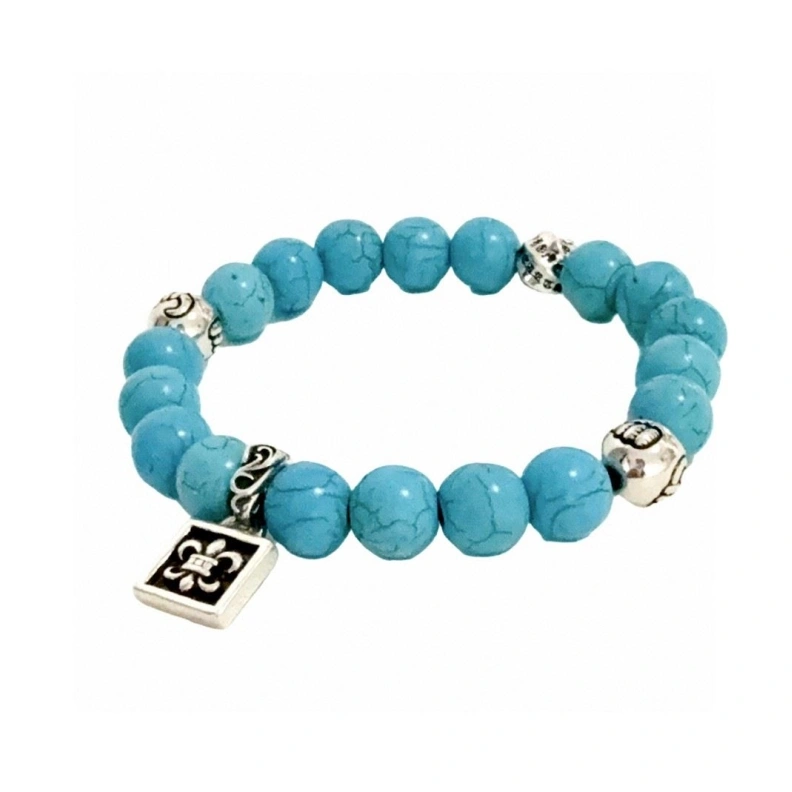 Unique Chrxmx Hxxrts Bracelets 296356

::::::

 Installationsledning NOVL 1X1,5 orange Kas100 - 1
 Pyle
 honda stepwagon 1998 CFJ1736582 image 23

::::::

TASK PROMPT
Reproduce the lines of the entries above from the one with "Installationsledning NOVL 1X1,5" to the one with "honda stepwagon 1998 CFJ1736582 image 23", both included, exactly and without any other line.

ANSWER SPACE
 Installationsledning NOVL 1X1,5 orange Kas100 - 1
 Pyle
 honda stepwagon 1998 CFJ1736582 image 23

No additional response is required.